Armed with ideas and insights on an individual’s superpowers and the details of their backstories, it’s possible to begin generating ideas. Of course the rule of “good ideas” looms large here. “If you want to generate a good idea, you need to generate a lot of ideas.”
We use every tool we can to build a list of suspect ideas, and inevitably, there’s a list of raw thoughts that require some filtering. Remember, our goal is to turn a few ideas into exploratory activities, and eventually something that merits developing an actual experiment to test for size, fit, and marketability.
Excitement and Frustration as You Work on Idea Generation
This process is both exciting and frustrating for the career reinventor.
It’s exciting for the options it identifies. I love observing as individuals begin to recognize the ocean of potential opportunities out there for them. For those who have been stuck in a career slot for a long time, it’s liberating to recognize their skills and accumulated wisdom can open other doors and new paths.

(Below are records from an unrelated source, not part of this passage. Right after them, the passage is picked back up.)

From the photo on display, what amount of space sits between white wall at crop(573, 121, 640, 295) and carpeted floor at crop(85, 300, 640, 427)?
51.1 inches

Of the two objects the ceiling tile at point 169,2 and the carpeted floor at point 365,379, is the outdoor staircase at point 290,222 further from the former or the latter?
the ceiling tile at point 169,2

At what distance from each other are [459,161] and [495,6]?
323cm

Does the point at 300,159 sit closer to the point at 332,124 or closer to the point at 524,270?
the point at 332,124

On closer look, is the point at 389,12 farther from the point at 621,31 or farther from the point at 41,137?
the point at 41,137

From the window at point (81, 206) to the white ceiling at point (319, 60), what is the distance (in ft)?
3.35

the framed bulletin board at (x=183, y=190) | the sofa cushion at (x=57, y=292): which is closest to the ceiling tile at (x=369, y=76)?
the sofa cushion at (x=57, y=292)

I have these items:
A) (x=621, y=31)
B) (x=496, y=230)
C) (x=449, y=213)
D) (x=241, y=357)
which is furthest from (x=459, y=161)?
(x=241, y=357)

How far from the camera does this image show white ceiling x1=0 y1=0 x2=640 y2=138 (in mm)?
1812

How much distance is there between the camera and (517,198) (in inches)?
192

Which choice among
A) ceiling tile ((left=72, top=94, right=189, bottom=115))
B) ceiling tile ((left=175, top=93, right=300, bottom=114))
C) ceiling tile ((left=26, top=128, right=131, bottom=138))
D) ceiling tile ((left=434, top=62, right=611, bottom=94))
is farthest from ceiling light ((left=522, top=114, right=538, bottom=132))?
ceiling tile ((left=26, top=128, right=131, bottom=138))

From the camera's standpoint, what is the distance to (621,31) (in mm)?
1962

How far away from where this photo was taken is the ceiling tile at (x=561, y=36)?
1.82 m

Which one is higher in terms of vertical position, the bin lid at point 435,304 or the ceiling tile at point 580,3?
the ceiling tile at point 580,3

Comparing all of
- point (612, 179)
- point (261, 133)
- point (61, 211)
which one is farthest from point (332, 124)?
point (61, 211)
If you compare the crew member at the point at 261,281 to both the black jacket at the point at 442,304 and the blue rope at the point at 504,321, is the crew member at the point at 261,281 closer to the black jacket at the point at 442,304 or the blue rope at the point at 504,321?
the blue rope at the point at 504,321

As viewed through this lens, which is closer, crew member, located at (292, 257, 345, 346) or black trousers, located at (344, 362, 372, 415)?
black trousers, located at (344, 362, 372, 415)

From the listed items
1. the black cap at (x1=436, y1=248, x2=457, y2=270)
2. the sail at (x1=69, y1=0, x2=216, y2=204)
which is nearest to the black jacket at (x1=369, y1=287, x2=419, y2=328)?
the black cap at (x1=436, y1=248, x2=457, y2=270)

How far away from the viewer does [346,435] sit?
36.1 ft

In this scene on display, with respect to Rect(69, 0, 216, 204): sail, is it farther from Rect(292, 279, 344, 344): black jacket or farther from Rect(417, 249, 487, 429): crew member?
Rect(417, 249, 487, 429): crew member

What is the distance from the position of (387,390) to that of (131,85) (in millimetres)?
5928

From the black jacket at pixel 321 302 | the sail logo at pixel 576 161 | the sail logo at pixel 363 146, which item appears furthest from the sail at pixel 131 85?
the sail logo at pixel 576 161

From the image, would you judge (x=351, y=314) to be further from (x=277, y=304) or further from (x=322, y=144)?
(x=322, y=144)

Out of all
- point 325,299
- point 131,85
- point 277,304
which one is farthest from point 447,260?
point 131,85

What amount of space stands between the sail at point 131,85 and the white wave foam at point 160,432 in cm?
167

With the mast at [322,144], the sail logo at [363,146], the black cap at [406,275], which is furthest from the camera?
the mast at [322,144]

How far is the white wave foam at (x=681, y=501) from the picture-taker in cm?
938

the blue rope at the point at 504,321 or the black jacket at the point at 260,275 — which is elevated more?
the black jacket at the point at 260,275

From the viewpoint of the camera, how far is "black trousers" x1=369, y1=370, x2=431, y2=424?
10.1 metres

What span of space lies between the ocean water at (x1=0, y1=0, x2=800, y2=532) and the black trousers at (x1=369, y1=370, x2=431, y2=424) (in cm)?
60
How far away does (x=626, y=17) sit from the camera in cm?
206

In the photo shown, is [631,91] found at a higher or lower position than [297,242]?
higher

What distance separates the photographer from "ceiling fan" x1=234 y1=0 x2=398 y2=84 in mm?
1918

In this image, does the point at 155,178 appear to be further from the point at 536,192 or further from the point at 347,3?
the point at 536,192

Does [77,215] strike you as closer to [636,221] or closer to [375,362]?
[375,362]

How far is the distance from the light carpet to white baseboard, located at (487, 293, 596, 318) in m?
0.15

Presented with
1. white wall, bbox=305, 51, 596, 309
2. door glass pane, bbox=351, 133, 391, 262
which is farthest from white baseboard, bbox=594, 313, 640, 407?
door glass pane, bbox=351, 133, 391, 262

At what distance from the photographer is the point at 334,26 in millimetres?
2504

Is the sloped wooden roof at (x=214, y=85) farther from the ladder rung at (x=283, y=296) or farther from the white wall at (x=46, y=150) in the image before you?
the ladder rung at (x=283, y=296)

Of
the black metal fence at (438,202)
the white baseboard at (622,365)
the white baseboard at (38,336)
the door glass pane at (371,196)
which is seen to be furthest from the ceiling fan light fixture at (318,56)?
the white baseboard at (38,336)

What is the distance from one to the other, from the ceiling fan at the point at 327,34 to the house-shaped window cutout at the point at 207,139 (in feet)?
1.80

And then, it’s frustrating, because the typically diverse list of options seems daunting and even overwhelming. In most cases working with the individual, we can whittle the list of choices down to some that fit reasonably into the “Let’s Explore in More Detail” category. The balance of the ideas move to the parking lot.

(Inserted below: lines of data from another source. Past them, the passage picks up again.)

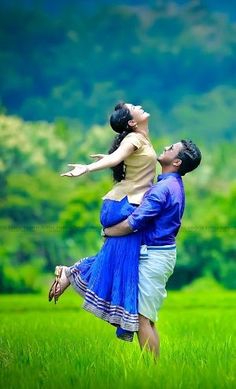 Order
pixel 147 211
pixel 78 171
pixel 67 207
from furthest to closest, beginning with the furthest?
pixel 67 207 → pixel 147 211 → pixel 78 171

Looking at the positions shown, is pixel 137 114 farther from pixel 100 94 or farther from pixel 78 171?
pixel 100 94

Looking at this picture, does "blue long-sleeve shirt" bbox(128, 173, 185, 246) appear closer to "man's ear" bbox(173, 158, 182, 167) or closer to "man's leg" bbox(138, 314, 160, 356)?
"man's ear" bbox(173, 158, 182, 167)

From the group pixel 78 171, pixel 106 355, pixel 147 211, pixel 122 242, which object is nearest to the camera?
pixel 78 171

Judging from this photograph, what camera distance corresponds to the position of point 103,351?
15.7ft

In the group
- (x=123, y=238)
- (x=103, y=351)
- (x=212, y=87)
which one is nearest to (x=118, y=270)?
(x=123, y=238)

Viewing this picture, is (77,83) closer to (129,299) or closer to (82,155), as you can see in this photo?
(82,155)

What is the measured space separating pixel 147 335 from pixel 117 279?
25 cm

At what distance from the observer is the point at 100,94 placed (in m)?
12.1

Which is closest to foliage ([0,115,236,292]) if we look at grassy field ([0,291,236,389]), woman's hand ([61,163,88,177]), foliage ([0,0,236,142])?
foliage ([0,0,236,142])

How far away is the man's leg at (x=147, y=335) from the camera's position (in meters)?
4.40

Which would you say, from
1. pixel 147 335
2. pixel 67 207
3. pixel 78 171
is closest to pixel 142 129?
pixel 78 171

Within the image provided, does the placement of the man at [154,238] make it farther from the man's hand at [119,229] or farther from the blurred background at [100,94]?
the blurred background at [100,94]

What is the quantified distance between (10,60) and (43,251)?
2.20m

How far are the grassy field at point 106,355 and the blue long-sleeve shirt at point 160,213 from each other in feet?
1.56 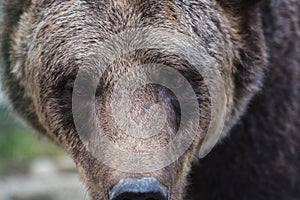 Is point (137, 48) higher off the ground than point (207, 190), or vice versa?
point (137, 48)

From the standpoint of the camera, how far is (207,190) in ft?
17.3

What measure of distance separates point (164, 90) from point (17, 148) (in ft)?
22.8

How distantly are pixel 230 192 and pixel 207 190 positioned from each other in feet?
0.47

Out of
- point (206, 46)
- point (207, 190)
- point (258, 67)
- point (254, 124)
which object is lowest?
point (207, 190)

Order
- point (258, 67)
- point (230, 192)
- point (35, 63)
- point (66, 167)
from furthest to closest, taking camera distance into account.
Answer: point (66, 167)
point (230, 192)
point (258, 67)
point (35, 63)

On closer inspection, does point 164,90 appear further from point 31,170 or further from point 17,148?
point 17,148

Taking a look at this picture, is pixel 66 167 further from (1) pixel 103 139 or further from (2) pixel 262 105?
(1) pixel 103 139

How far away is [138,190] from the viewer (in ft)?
12.6

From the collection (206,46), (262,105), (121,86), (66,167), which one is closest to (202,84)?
(206,46)

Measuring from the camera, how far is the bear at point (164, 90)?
414 centimetres

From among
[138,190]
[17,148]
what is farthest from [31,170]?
[138,190]

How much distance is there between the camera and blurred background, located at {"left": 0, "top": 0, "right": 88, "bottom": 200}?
967 centimetres

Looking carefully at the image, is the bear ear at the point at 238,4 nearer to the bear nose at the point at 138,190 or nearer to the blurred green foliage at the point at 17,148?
the bear nose at the point at 138,190

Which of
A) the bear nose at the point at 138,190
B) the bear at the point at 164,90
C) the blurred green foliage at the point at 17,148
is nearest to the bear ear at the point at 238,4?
the bear at the point at 164,90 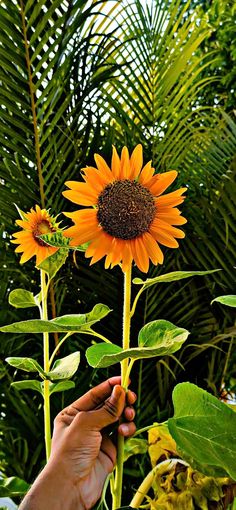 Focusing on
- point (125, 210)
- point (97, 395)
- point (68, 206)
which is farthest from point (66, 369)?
point (68, 206)

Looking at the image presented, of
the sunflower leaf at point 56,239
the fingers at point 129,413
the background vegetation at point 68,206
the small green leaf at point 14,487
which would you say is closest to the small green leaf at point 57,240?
the sunflower leaf at point 56,239

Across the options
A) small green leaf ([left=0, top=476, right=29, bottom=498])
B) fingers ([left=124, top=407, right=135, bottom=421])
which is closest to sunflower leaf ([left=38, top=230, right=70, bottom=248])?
fingers ([left=124, top=407, right=135, bottom=421])

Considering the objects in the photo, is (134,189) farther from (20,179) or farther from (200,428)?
(20,179)

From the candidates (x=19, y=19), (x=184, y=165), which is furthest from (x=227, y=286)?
(x=19, y=19)

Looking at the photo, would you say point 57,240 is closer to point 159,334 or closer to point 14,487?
point 159,334

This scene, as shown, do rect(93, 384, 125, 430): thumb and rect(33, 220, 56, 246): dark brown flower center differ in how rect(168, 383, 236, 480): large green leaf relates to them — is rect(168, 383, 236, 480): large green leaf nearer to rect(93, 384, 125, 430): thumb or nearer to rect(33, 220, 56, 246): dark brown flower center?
rect(93, 384, 125, 430): thumb

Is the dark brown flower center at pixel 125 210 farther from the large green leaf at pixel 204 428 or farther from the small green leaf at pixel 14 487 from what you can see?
the small green leaf at pixel 14 487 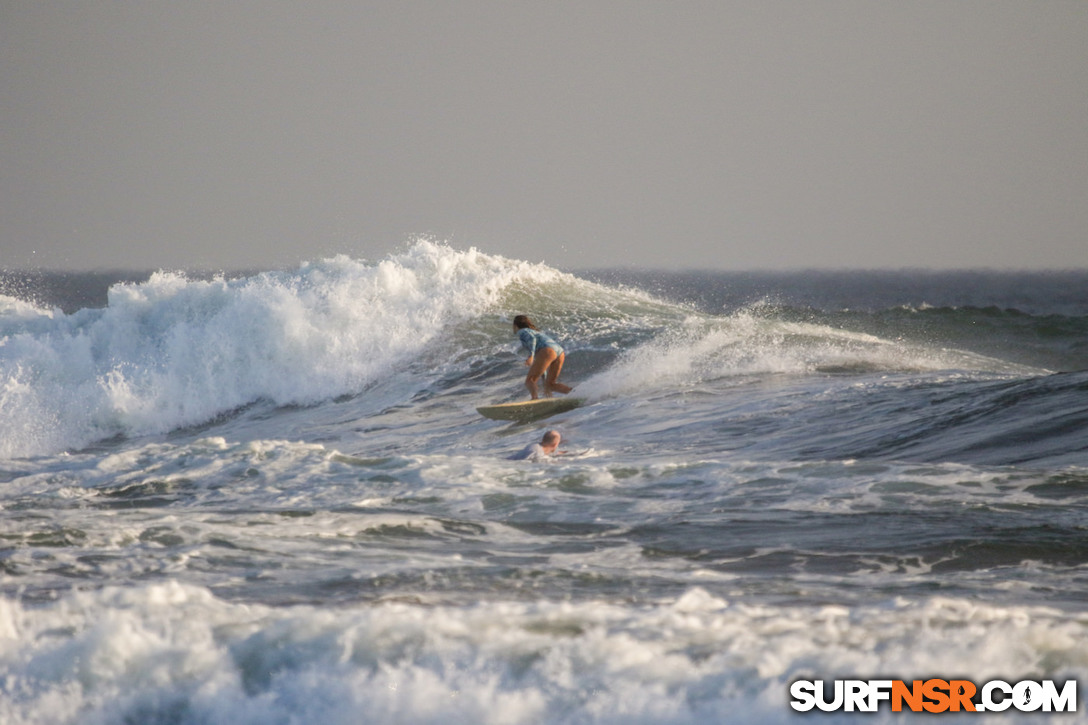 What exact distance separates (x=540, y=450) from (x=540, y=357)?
13.9ft

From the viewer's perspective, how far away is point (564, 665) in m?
→ 3.33

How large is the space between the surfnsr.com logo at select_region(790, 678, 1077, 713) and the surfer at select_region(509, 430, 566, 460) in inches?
219

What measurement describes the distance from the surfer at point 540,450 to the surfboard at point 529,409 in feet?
9.04

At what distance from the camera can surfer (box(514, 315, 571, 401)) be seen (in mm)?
12773

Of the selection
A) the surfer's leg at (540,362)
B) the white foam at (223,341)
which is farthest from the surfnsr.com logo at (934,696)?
the white foam at (223,341)

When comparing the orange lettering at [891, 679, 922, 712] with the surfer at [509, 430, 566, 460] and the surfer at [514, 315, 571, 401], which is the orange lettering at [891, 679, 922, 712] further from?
the surfer at [514, 315, 571, 401]

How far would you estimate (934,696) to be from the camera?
2992 mm

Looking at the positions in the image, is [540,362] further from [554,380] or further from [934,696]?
[934,696]

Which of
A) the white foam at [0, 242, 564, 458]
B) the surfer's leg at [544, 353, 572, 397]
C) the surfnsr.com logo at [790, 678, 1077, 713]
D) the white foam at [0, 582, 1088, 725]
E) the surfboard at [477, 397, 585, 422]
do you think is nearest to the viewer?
the surfnsr.com logo at [790, 678, 1077, 713]

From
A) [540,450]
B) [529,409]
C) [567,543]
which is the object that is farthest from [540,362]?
[567,543]

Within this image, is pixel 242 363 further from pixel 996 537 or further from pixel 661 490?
pixel 996 537

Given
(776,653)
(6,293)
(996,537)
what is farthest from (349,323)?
(776,653)

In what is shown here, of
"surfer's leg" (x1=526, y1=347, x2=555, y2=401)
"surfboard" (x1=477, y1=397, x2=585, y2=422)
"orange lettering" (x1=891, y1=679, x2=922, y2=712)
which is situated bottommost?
"surfboard" (x1=477, y1=397, x2=585, y2=422)

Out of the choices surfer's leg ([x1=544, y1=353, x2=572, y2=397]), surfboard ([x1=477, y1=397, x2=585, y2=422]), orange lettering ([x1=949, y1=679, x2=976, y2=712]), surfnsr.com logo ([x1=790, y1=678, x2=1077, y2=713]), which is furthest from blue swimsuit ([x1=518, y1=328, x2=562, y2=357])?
orange lettering ([x1=949, y1=679, x2=976, y2=712]) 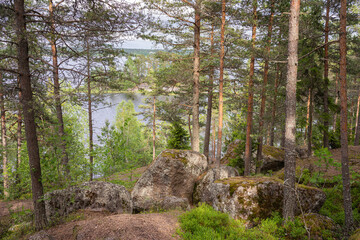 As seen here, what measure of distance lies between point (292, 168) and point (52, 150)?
6777 millimetres

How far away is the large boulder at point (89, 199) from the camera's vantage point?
628cm

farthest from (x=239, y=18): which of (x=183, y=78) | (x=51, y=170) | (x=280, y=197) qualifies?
(x=51, y=170)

Move Quickly from Ideation to Exploration
It’s imperative for sustaining momentum to kick into the exploration phase as early as possible. I encourage individuals to engage in both secondary (web searching) and primary research (site visits, interviews) as part of idea exploration. What seems intriguing on a web site often loses its luster when you visit or talk with someone immersed in this prospective vocation.
Armed with ample notes and impressions, we explore the findings together and define new areas of exploration, or, if it seems potentially viable, we set up an experiment to test out the idea. From working in a business to volunteering to attending courses or training sessions, the experiments are intended to offer proof the idea meets the individual’s interests and abilities. If so, we spend quality time assessing the final component: marketability.
Reality Check—You Will Iterate Between Exploration and Experimentation
While you might get lucky and hit on the idea that matches up perfectly with your skills, interests, and passes the marketability filter right away, don’t count on it. Chances are you will need to iterate multiple times with multiple ideas before finding one you are willing to commit to for this next stage of your career.
If the career reinvention process was like a marathon, you’ve hit that point where your mind suggests it might be OK to quit. Some individuals do stop here for a variety of reasons. Others silence that voice in their minds, focus on the step in front of them and keep moving.
Part of my role at this point is striving to keep the aspiring career reinventor in discovery mode. Identifying an area that doesn’t fit is a great learning outcome. While it might feel like a failure, I view it as one more success on a long journey. Checking an option off the list helps bring clarity to the path ahead. After all, much of strategy is about choosing what you won’t do.
Career Reinvention Happens on an Unpredictable Schedule
The other messy element of the career reinvention process is the lack of ability to predict how long this will take. It might be months, but chances are it’s a year or more and sometimes longer.
Most people are working a day job while navigating this process. For those with the luxury to focus solely on this process, it moves considerably faster.
For everyone, a consistent cadence of work is required to shrink the time-to-results. Much like a physical fitness program, thinking about or wishing your way to fitness aren’t options. Career reinvention takes time in the grind.
The Bottom-Line for Now:
If you’ve reached the point where you know you must do something different with your career, that’s great. It’s time to take action. Just be realistic about the upcoming journey. There’s a process, but it will get messy before it resolves.